Find the line containing "CY GPS Mini" in the entries; transcribe it and all remaining lines through the end, exactly as they appear, but not the pictures.

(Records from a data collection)

BEGIN

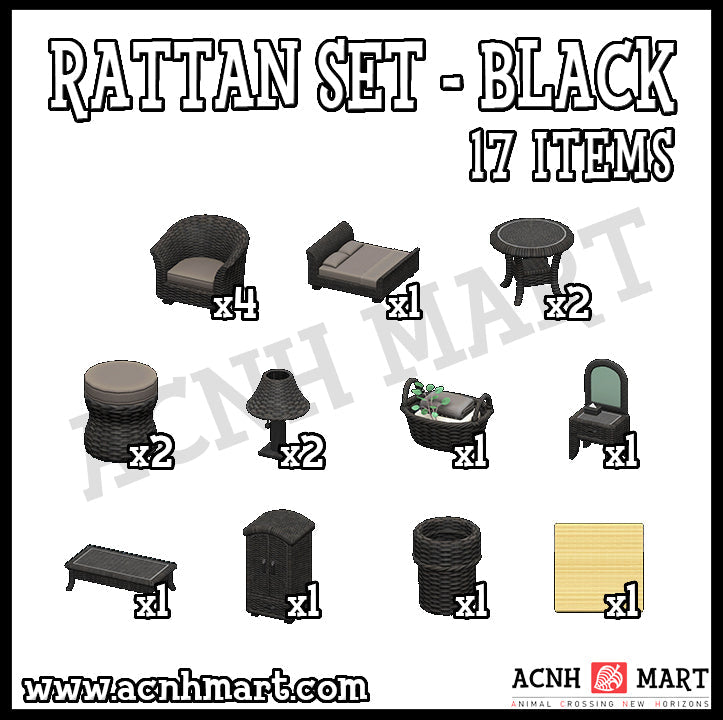 Colección de ratán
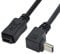 CY GPS Mini USB 5P 90D up diretto angolato maschio a mini usb 5p femmina cavo di prolunga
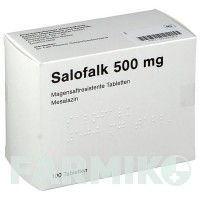 САЛОФАЛЬК (SALOFALK) 500 таблетки 100 шт - Месалазин DOCPHARM
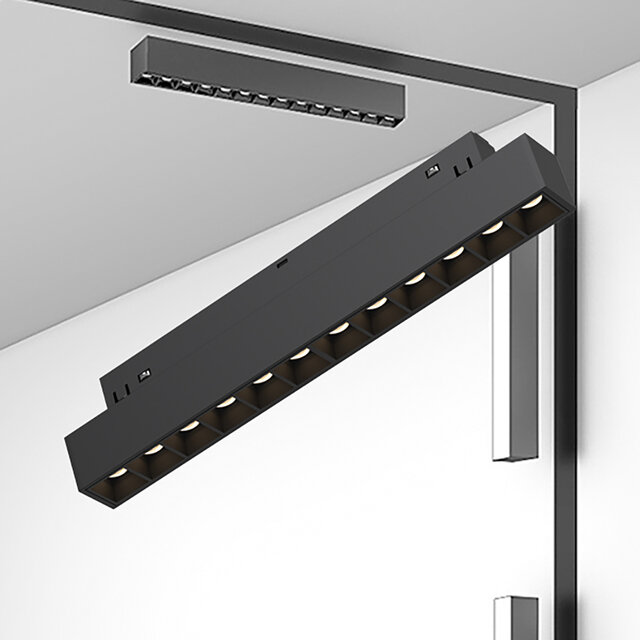 slanke magnetische lineaire LED bar met 12W vermogen en koel wit licht van 6500K voor binnenverlichting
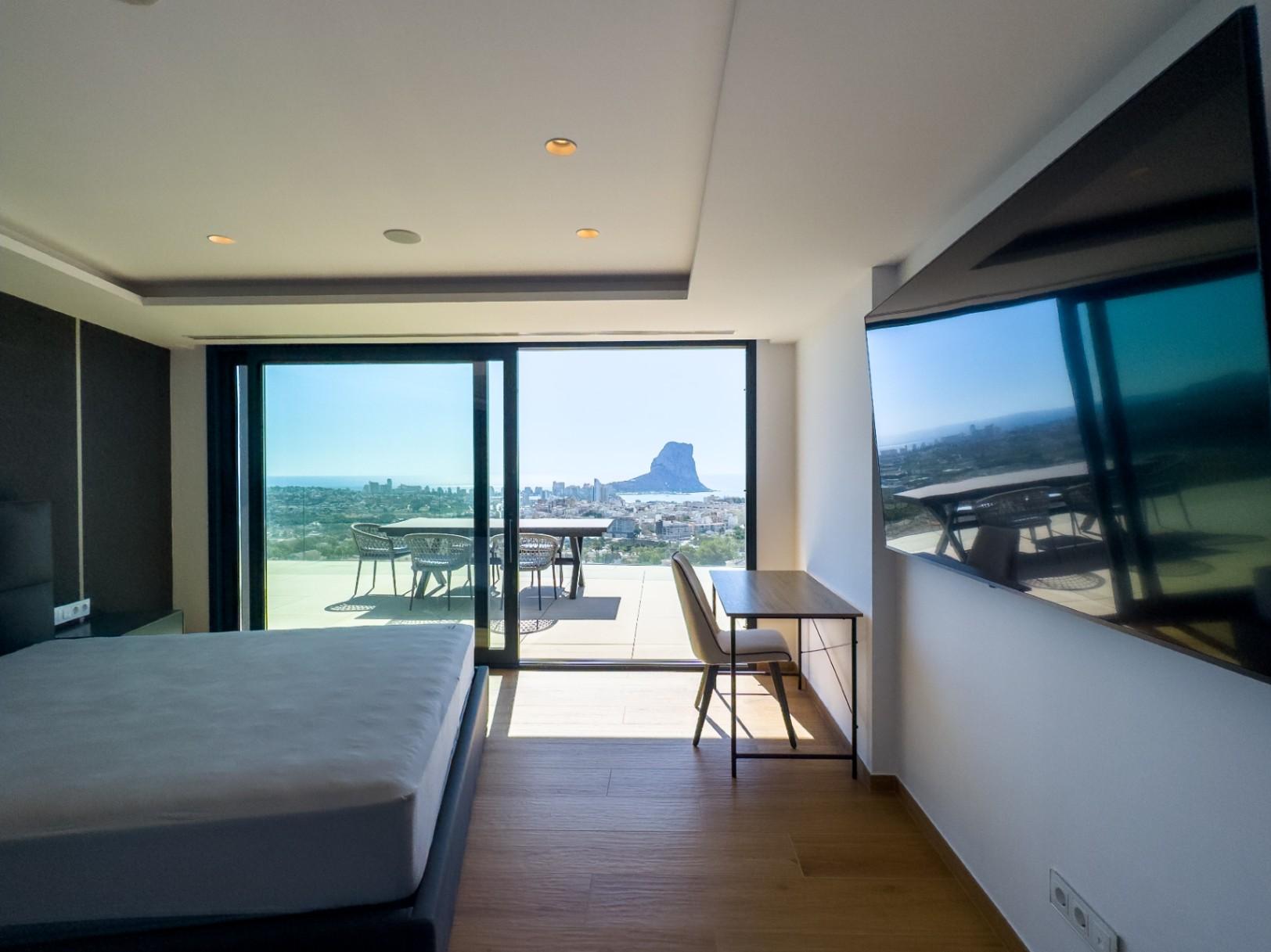 1250DA - Geräumige Luxusvilla mit Blick auf die Küste von Calpe.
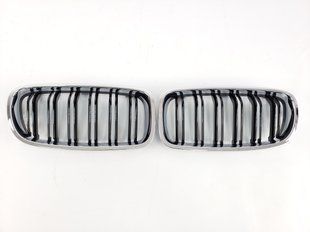 Низдрые Черные Глянец Хром Рамка ( Двойные M-Look ) на BMW 3 F30, F31 2011-2018 429924 фото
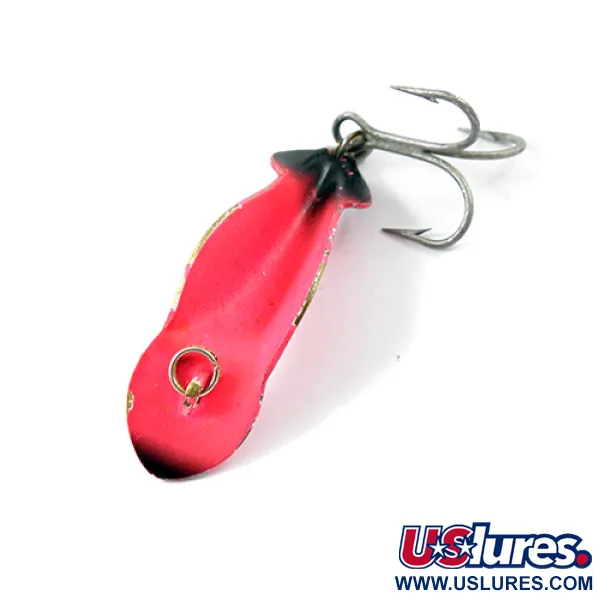 Cucharilla Buck Perry Spoonplug, Rosa / Negro, 4g, Latón, #2632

END

Reply —
 CY GPS Mini USB 5P 90D up diretto angolato maschio a mini usb 5p femmina cavo di prolunga
 САЛОФАЛЬК (SALOFALK) 500 таблетки 100 шт - Месалазин DOCPHARM
 slanke magnetische lineaire LED bar met 12W vermogen en koel wit licht van 6500K voor binnenverlichting
 1250DA - Geräumige Luxusvilla mit Blick auf die Küste von Calpe.
 Низдрые Черные Глянец Хром Рамка ( Двойные M-Look ) на BMW 3 F30, F31 2011-2018 429924 фото
 Cucharilla Buck Perry Spoonplug, Rosa / Negro, 4g, Latón, #2632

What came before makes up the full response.